Yao Gomado (born 20 October 1966) is a Ghanaian politician and member of the Seventh Parliament of the Fourth Republic of Ghana representing the Akan Constituency in the Oti Region on the ticket of the National Democratic Congress.

Early life and education 
Gomado was born and hails from Dodo-Dompa in the Oti Region of Ghana. Yao Gomado passed his Common Entrance Examination in 1978 which enabled him to obtain his Ordinary Level and Advanced Level. He then proceeded to have his Electrical Engineering Practice in 1982, C&G Institute London, Part Two Electricals (Electrical Engineering Technician) in 1983, Class Two Marine Electrical Engineer (Marine Electrical and Automation Engineering) in 1987, Class Three Marine Engineer (Shipboard Marine Engineering Practitioner) in 2012, Converteam A Series Maintenance (Dynamic Position Maintenance) in 2013, Dynamic Positioning (Ship Dynamic Positioning Maintenance) in 2013, Shipboard Dynamic Position (Dynamic Position Maintenance) in 2013, Professional Development Certificate (Project Management) in 2014, Marine Surveyor (Hull & Machinery) (Shipboard Marine Surveyor) in 2015, Mini-MBA (Corporate Governance) in 2015, Class One Electro Technical (Marine Electro-Technical Engineering) in 2016, Corporate Member (Engineering Practitioner) in 2017, Shipboard Internal Auditor (ISM-ISPS-MLC) in 2018 at Regional Maritime Academy and Post Graduate Diploma (Strategic Management) in 2019 at Regional Maritime University.

Career 
Gomado worked at Volta Lake Transport Company Limited, Akosombo, Ghana as the Assistant Electrical Engineer during his National Service period. He worked with Neptune Ship Management PTE Ltd in Singapore as a Junior Marine Electrical Engineer.

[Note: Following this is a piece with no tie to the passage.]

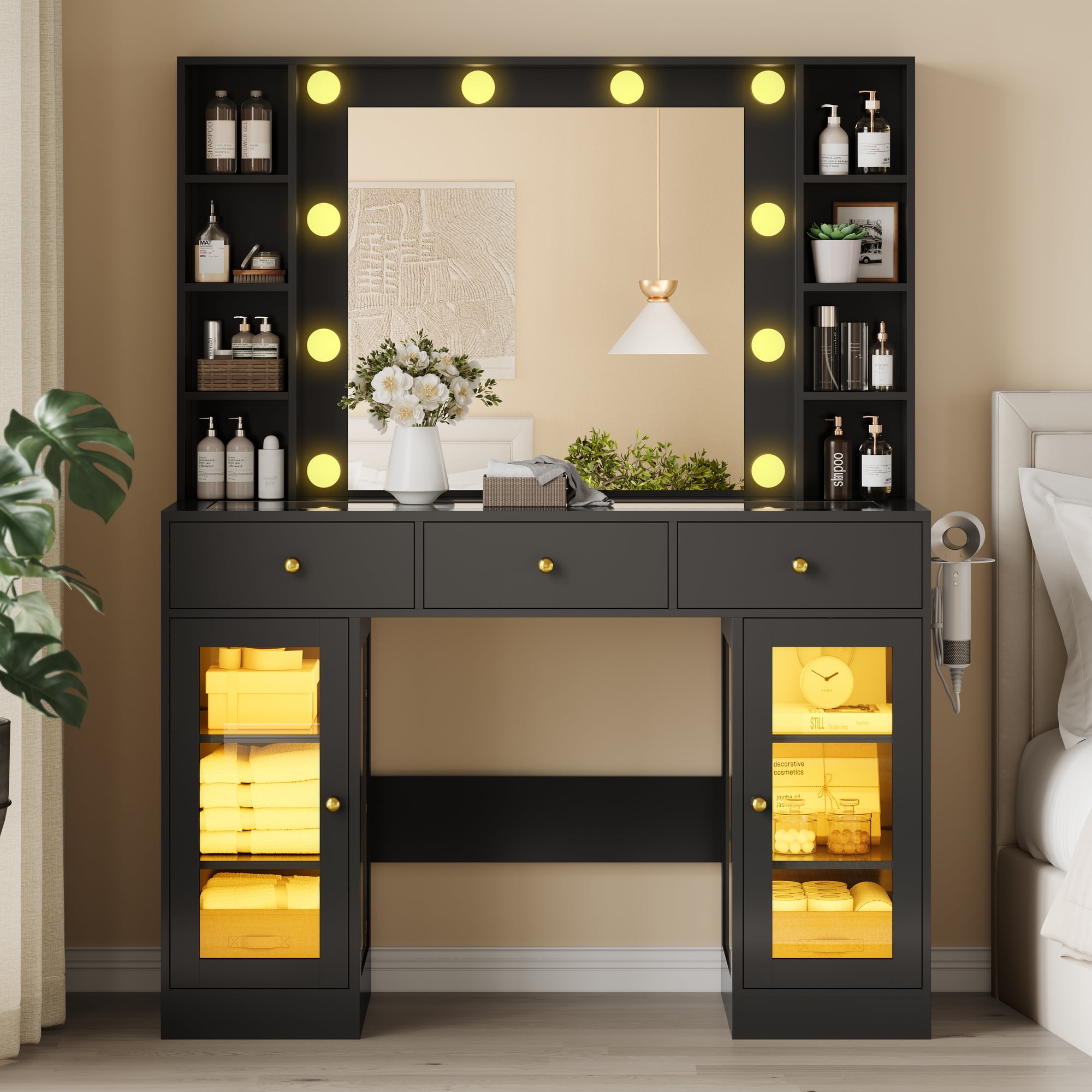 Vanity Desk with Mirror and Lights, Glass Top Vanity with Lighted Mirror & RGB Glass Cabinet and 3 Drawers, Makeup Vanity Desk with Lights Dressing Table for Bedroom, 3 Color Modes
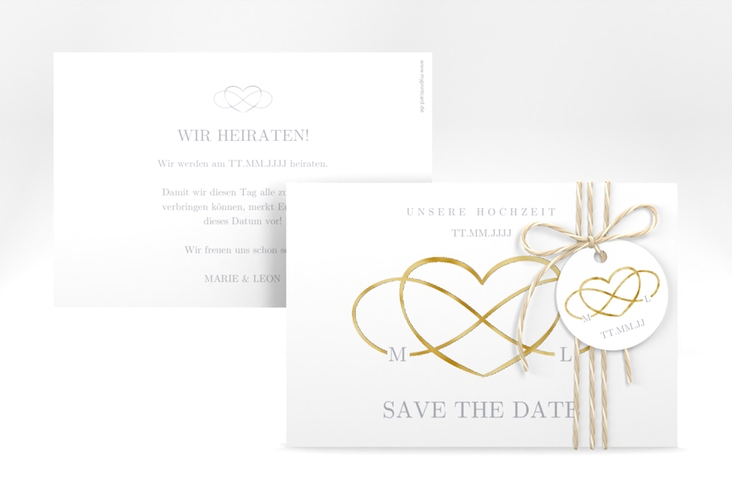 Save the Date-Karte Infinity A6 Karte quer grau gold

He again served as the Marine Electrical Engineer of PSM Perkapalan SDN BHD in Malaysia. Yao Gomado also worked with the Paccship Management PTE in Singapore as the Marine Electrical Engineer. He finally worked with the Oceanwave Maritime & Engineering Consultancy Limited as their technical director.

Political life 
Gomado contested and won the NDC parliamentary primaries for Akan Constituency in the Oti Region of Ghana. Gomado won in the 2020 Ghanaian general elections on the ticket of the National Democratic Congress with 19,317 votes (58.69%) against Alhaji Rashid Bawa of the New Patriotic Party who had 13,300 votes (40.41%) to join the 8th Parliament of the Fourth Republic of Ghana.

Gomado refused the use of the government assigned Toyota V8 to provide water for his constituency. He again mortgaged his four-year salary to get grader for road repairs in his Akan Constituency. Gomado also assured and promised to improve standard of education in his constituency.

Committees 
Gomado is a member of the Judiciary Committee. He is also a member of the Environment, Science and Technology Committee of the Eighth (8th) Parliament of the Fourth Republic of Ghana.

Personal life 
Gomado is a Christian. He is fluent in speaking Ewe and English.